== Segment start ==
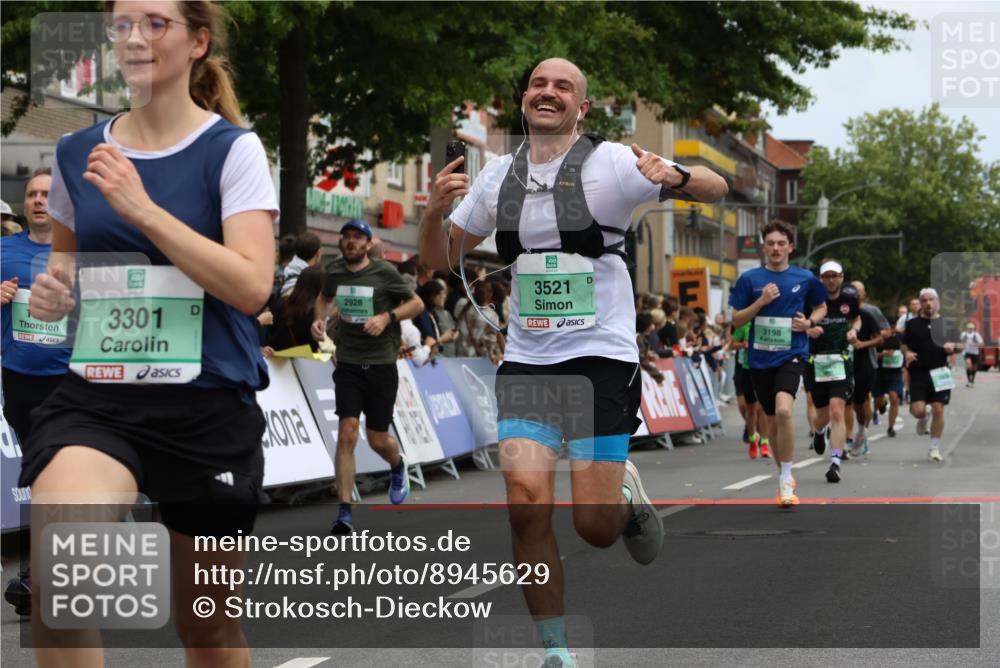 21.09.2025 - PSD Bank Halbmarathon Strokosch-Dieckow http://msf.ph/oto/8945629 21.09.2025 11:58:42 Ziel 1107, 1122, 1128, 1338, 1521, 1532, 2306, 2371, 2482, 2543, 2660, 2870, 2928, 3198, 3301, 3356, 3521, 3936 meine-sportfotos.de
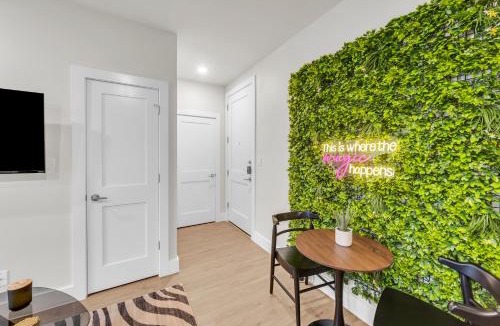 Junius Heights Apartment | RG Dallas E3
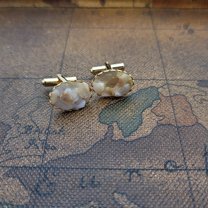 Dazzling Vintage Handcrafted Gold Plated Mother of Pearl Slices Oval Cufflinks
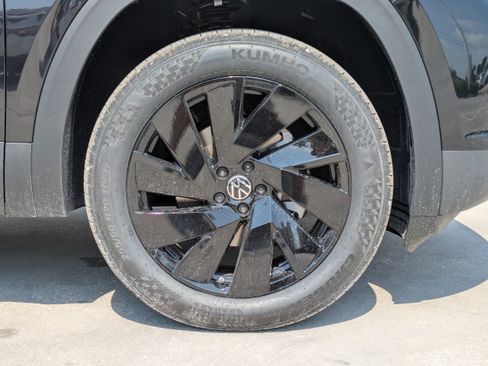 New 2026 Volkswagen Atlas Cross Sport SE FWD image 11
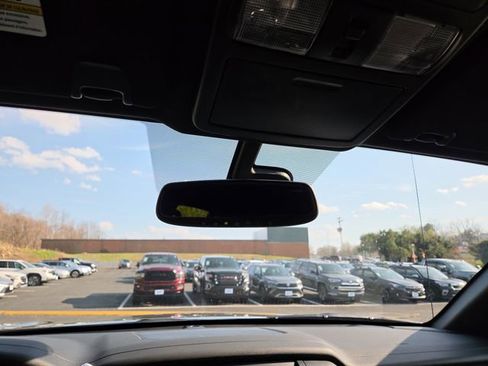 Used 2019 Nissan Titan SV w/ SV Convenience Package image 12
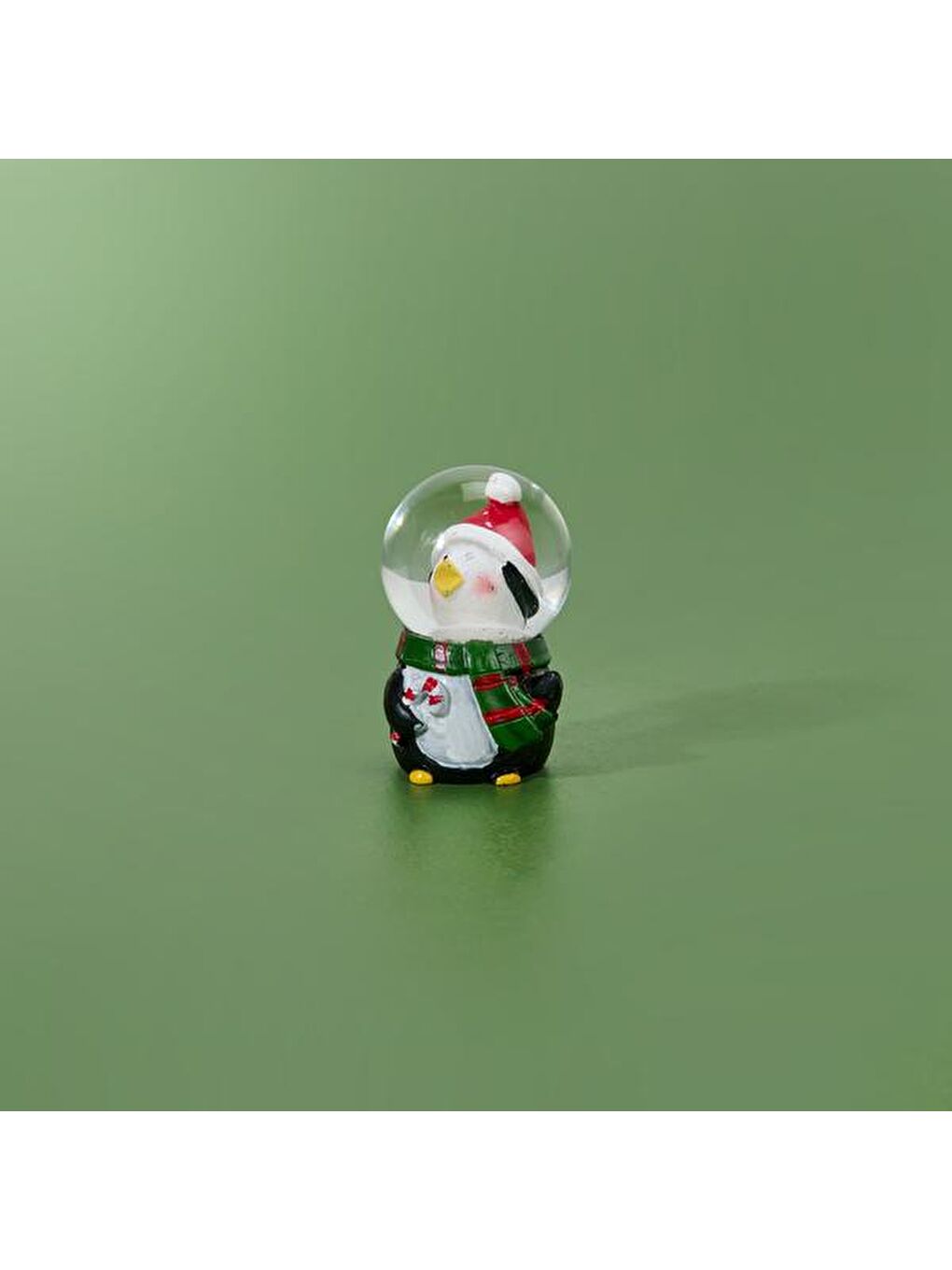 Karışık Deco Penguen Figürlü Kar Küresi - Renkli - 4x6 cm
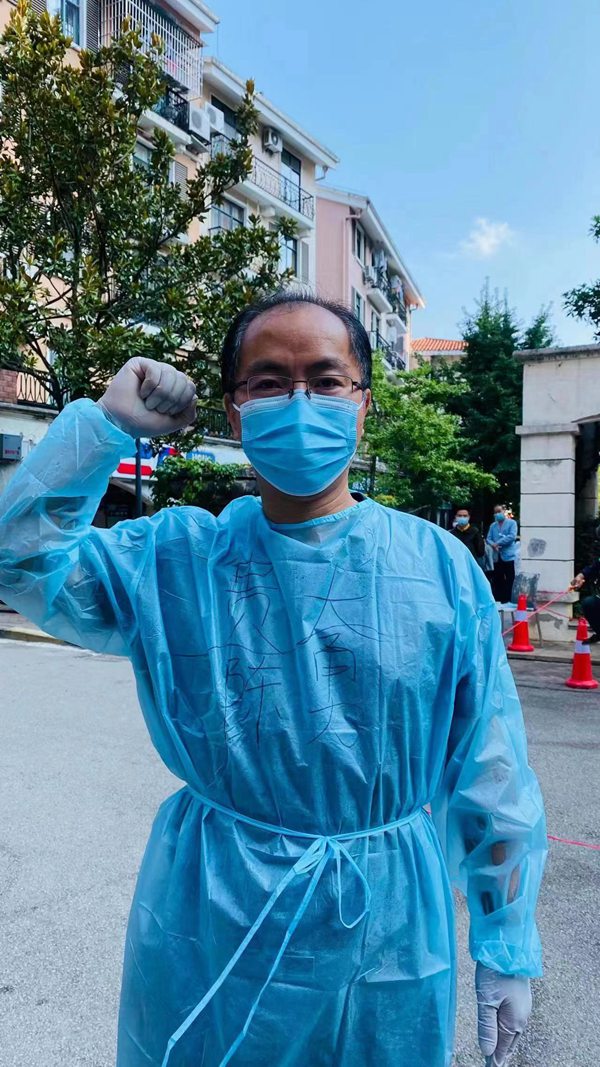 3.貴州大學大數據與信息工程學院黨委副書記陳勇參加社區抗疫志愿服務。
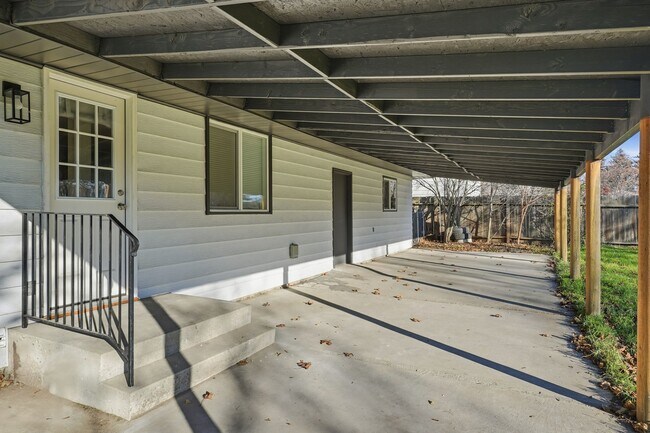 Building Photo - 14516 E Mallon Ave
== Segment end ==
== Segment start ==
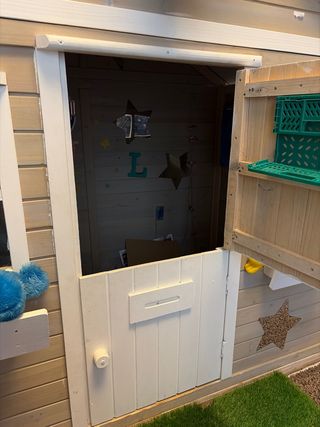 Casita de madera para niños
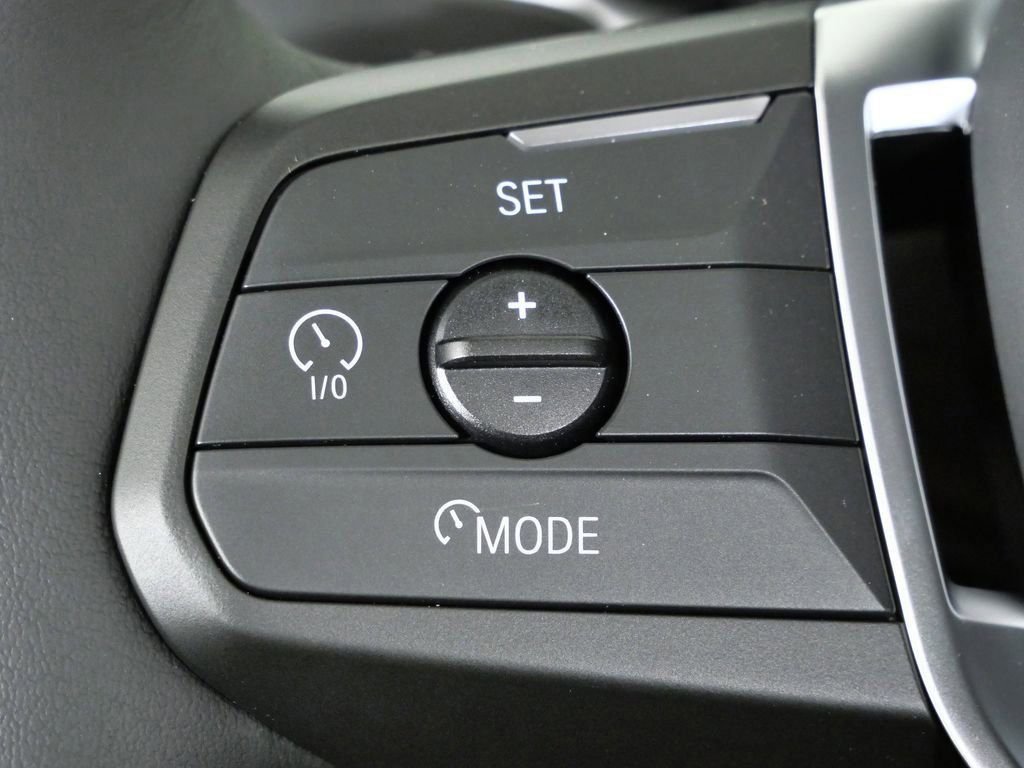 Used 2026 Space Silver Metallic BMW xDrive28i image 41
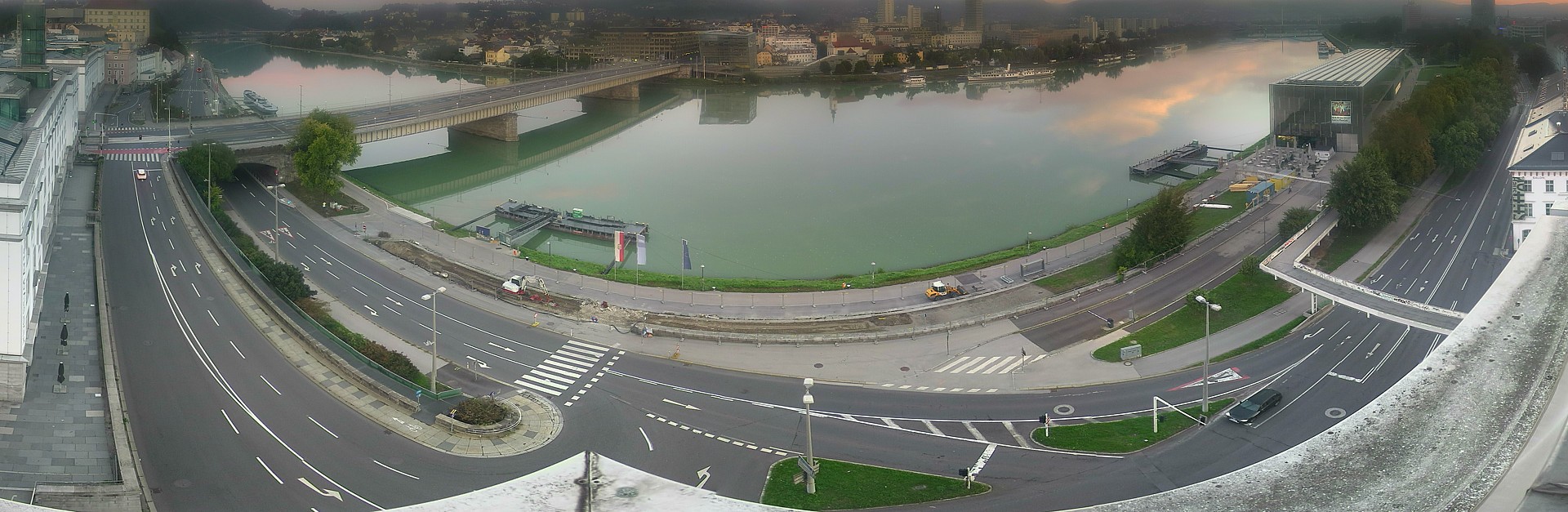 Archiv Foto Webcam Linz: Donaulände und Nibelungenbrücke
== Segment end ==
== Segment start ==
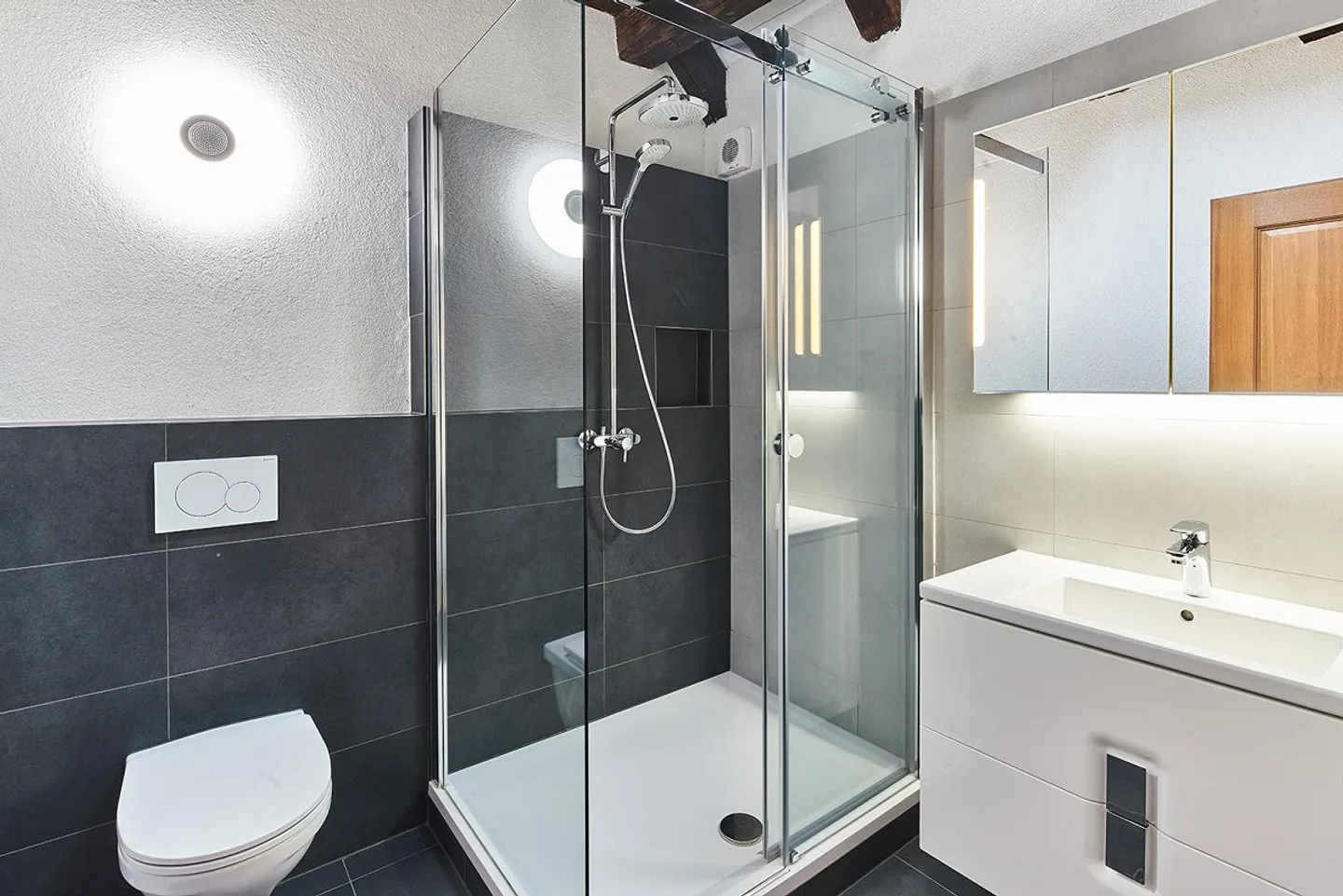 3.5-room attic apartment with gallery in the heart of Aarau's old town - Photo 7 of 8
== Segment end ==
● **Assignment**
Retype, exactly and with no pictures, everything above from the line with "New 2026 Volkswagen" down to the line with "Building Photo - 14516 E Mallon Ave", both included.

● **Written reply**
 New 2026 Volkswagen Atlas Cross Sport SE FWD image 11
 Used 2019 Nissan Titan SV w/ SV Convenience Package image 12
 Karışık Deco Penguen Figürlü Kar Küresi - Renkli - 4x6 cm
 3.貴州大學大數據與信息工程學院黨委副書記陳勇參加社區抗疫志愿服務。
 Building Photo - 14516 E Mallon Ave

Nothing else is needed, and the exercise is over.